A few days ago I popped into my Discord server to see something that one of my friends posted. It was a picture of the top games on Twitch and the caption? “OOF. league = dead”
Obviously, that’s a bold claim to make. The game that one day before this screenshot was taken had 300,000 viewers on a single stream, dead? Absurd. But it got me thinking. If, by the numbers, League of Legends is still the largest game in the world, then why does Fortnite consistently outperform during regular hours? Of course, who’s streaming at the time makes a big difference. When this screenshot was taken, Hearthstone’s Team 5 was streaming their final reveals for the upcoming expansion, accounting for over 100,000 viewers. And Ninja was streaming, as well. Ninja is head and shoulders above any other streamer on Twitch, single-handedly pulling more viewers than the entire game of League of Legends when there’s no major tournament going on. And he’s just a guy. He doesn’t have the production value of Overwatch League or the resources of Riot Games. So what’s putting him ahead of the game?

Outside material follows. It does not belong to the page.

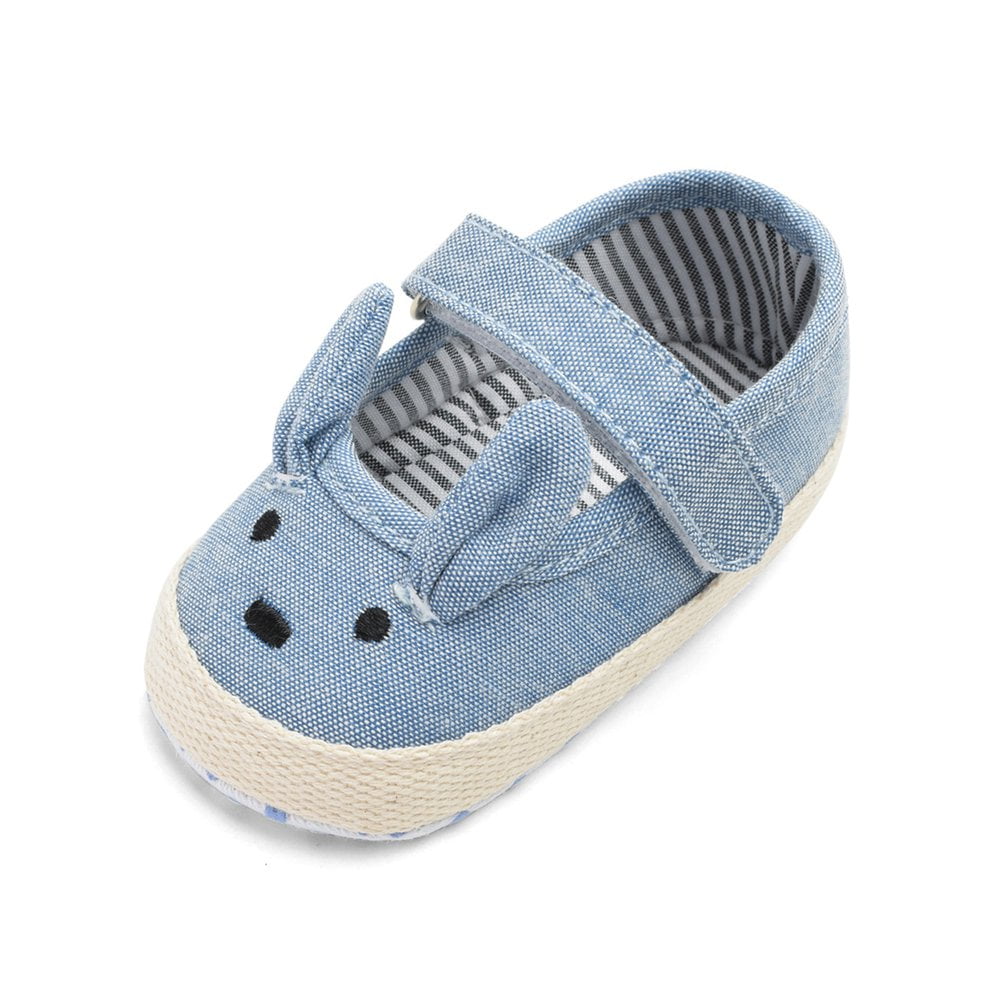 bunny baby shoes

Tyler “Ninja” Blevins started his career playing Halo, but he’s hardly known for that nowadays. He got his start with Battle Royale-type games with H1Z1, the candle that burned the brightest. For reference, H1Z1 was one of the biggest early Battle Royale games, and despite its three-year period in early access and a smattering of bugs, the game kickstarted the Battle Royale genre that capitalized on the Hunger Games fantasy that FPS players so desperately wanted. Ninja jumped ship when H1Z1 lost popularity, joining PlayerUnknown’s Battlegrounds when that hit early access. After PUBG lost steam, Ninja spared no time switching to Fortnite, its spiritual successor. So what makes him special? He’s not the first Fortnite player, and he’s not even a storied legacy player like some League of Legends streamers. His strength comes from his adaptability. Ninja knew when his game was going stale, but he never switched genres. And why is that? Because he knows his audience. Battle Royale games are hectic, bloody, and most importantly, fast. League of Legends is the opposite: skilled players rarely die individually, and games can take upwards of an hour. Fortnite is an exceptional game for casual players. It’s fast, the learning curve is forgiving, and it’s free. League of Legends takes longer, is harsh on new or inexperienced players, and there’s less action overall. This means that League streamers have to rely more on their personality or flashy skills rather than the game itself. And even the popular ones can’t even come close to Ninja’s popularity. Imaqtpie, a veteran of the League of Legends scene and the largest streamer of the game, averages 20,000 over the course of the week. Ninja averages five times that much (as I write this, he just cracked 120,000 at 1:00 pm on a Tuesday). But, on the other side, you don’t hear about the big Fortnite invitational. Fortnite is the younger game by almost a decade, and while it doesn’t have the infrastructure that other massive developers and esports have, it’s been strangely silent for its popularity. Epic Games, Fortnite’s developer and distributor, doesn’t seem to be keen on launching its esports scene too quickly, even if esports brands like TSM are picking up full teams already. And this move, or rather lack thereof, by Epic shows yet another difference between Fortnite and League of Legends.
Consider football. Football is a traditional sport that is characterized by the bursts of action spaced between pauses and low-impact moments. League of Legends is football in this metaphor. Fortnite is like playing the guitar, in comparison. Listening to music or playing it is easy, fast, and rewarding. Watching one of your friends play is mesmerizing and enjoyable. But you don’t watch people compete over music unless you really like dueling banjos for some reason. On the other hand, people rarely play in a pickup game of football or go watch their friends play in the community rec league. It’s just not as enjoyable without the full experience: the commentators, the food, the cheering. And that’s why League of Legends and Fortnite have two completely different viewing experiences. One can be a successful casual experience without trying to match the other’s massive professional league style and vice versa. The guitar manufacturers of the world don’t need to host a massive Battle of the Bands competition, and the NFL is never going to change the game so that pee-wee flag football leagues are more enjoyable for the parents who watch them. League = dead? Probably not. But league = not as good for casual viewing as Fortnite? Wordy, but more accurate.